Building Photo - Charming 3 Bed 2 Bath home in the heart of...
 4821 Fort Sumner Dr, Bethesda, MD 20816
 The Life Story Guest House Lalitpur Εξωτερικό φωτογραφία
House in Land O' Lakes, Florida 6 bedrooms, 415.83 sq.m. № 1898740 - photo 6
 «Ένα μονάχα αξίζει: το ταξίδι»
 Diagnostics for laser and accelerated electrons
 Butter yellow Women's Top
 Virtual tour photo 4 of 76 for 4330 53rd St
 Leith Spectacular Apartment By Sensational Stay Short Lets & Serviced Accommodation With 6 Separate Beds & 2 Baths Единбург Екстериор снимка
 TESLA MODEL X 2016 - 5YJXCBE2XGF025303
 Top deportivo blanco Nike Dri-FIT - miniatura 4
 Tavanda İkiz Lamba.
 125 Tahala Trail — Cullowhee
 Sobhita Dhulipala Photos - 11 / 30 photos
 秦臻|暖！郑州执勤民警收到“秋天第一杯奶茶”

PROMPT :: Set down the whole listing exactly.

SOLUTION ::
Building Photo - Charming 3 Bed 2 Bath home in the heart of...
 4821 Fort Sumner Dr, Bethesda, MD 20816
 The Life Story Guest House Lalitpur Εξωτερικό φωτογραφία
House in Land O' Lakes, Florida 6 bedrooms, 415.83 sq.m. № 1898740 - photo 6
 «Ένα μονάχα αξίζει: το ταξίδι»
 Diagnostics for laser and accelerated electrons
 Butter yellow Women's Top
 Virtual tour photo 4 of 76 for 4330 53rd St
 Leith Spectacular Apartment By Sensational Stay Short Lets & Serviced Accommodation With 6 Separate Beds & 2 Baths Единбург Екстериор снимка
 TESLA MODEL X 2016 - 5YJXCBE2XGF025303
 Top deportivo blanco Nike Dri-FIT - miniatura 4
 Tavanda İkiz Lamba.
 125 Tahala Trail — Cullowhee
 Sobhita Dhulipala Photos - 11 / 30 photos
 秦臻|暖！郑州执勤民警收到“秋天第一杯奶茶”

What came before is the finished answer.